─── GIVEN DATA
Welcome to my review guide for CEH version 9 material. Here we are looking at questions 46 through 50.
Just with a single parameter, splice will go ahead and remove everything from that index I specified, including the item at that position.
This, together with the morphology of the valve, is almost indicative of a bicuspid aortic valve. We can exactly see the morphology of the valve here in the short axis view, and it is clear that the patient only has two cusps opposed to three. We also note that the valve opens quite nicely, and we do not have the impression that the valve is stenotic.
──────
─── GIVEN DATA
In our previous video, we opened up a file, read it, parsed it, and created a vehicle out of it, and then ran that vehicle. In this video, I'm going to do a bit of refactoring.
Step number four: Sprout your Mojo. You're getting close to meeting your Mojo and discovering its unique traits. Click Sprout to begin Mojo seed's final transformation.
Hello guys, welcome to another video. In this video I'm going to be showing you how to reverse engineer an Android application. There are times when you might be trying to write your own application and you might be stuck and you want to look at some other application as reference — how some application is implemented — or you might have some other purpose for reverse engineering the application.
──────
### EXERCISE INSTRUCTIONS
Copy exactly the stretch of data above from the line with "Welcome to my" through the line with "This, together with", and omit all other lines.

### EXERCISE ANSWER
Welcome to my review guide for CEH version 9 material. Here we are looking at questions 46 through 50.
Just with a single parameter, splice will go ahead and remove everything from that index I specified, including the item at that position.
This, together with the morphology of the valve, is almost indicative of a bicuspid aortic valve. We can exactly see the morphology of the valve here in the short axis view, and it is clear that the patient only has two cusps opposed to three. We also note that the valve opens quite nicely, and we do not have the impression that the valve is stenotic.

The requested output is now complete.